В отстаивании и обосновании такой точки зрения еще дальше пошел К. Артыкбаев. В 1970-е годы он опубликовал в киргизской печати ряд работ, посвященных киргизскому фольклору, его взаимоотношениям с письменной литературой, формированию социалистического реализма в киргизской литературе. В этих работах есть и верные мысли и наблюдения. В частности, заслуживает всяческого внимания призыв литературоведа учитывать все богатство киргизского фольклора, изучать его национальное своеобразие. Однако из этого обстоятельства К. Артыкбаев делает по меньшей мере странные выводы о том, будто бы киргизский фольклор обладает особыми, почти исключительными качествами и вследствие этого он заменял письменную литературу и другие формы общественного сознания, а посему в нем можно обнаружить в той или иной мере черты, присущие письменной литературе. Так, в статье «Актуальный вопрос нашего литературоведения», имеющей подзаголовок «О возникновении социалистического реализма в киргизской советской литературе», он пишет о «чертах реализма в фольклорной рамке», а в некоторых дореволюционных произведениях Токтогула и Т. Молдо находит даже «черты критического реализма». (В фольклоре каждого народа есть мощный слой произведений и образов сатирических, – например, русские сатирические сказки, народные песни, частушки, сказы, – но странно было бы числить их по ведомству критического реализма, хотя они и отражают народный протест против угнетателей.)

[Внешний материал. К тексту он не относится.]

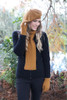 Possum Merino Loop Scarf - gold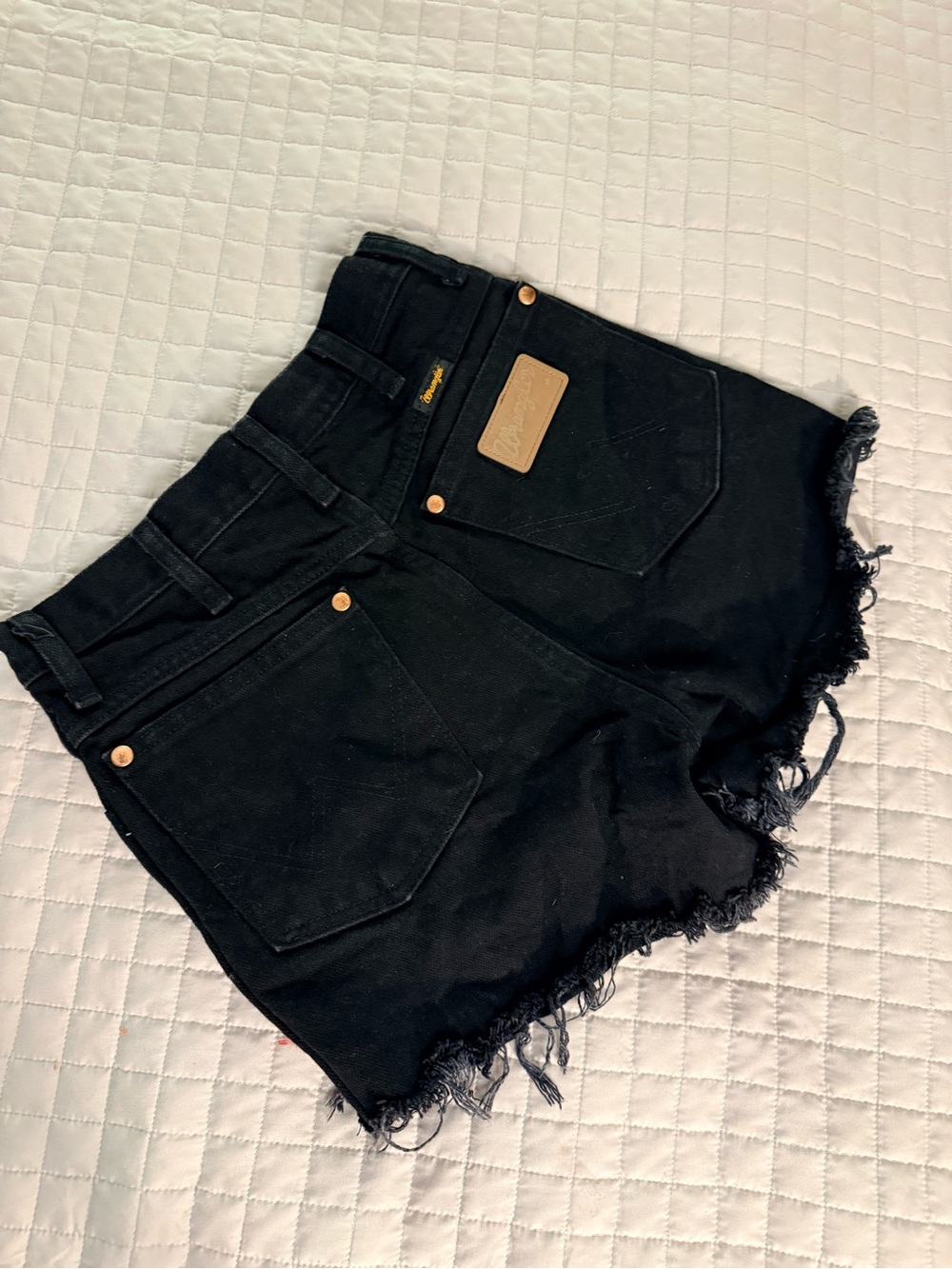 Wrangler Cowboy Cut Slim Fit Jeans size 27 936WBK (Custom Cutoff Shorts)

Подобные мысли в несколько видоизмененном и сглаженном виде встречаются в тезисах нового доклада К. Артыкбаева «К вопросу возникновения социалистического реализма в киргизской советской литературе»: «И в фольклоре изображается сложное, часто противоречивое «нутро» героев, в результате чего нередко показываются ситуации, требующие исключительного психологического напряжения»; «Реалистический подход к событиям, к действительности и безудержная народная фантазия (как совмещаются эти совершенно разные качества? – А. Э.) выражались в фольклоре, ибо не было ни письменности, ни национальной традиции письменной профессиональной литературы…» (IV, стр. 17). Заметим, кстати, что сходными с этими или близкими к ним мыслями буквально пестрят многие страницы вышеупомянутой книги Ш. Уметаляева1.

Таким образом, перед нами концепция, не учитывающая принципиальные различия между разными системами художественного сознания – фольклорной и литературной – и во многом отождествляющая их. Это отождествление касается прежде всего таких понятий, как реальность, отраженная во всяком художественном творчестве (в том числе и фольклоре), и реализм как метод мышления, характерный лишь для поздних стадий развития литературы и вызванный к жизни новыми социально-экономическими отношениями и духовными потребностями. Следовательно, киргизский фольклор, как и фольклор других народов, а также акынское творчество не знали «элементов» и «черт» реализма как метода художественного мышления, его позднейших направлений – реализма критического и социалистического.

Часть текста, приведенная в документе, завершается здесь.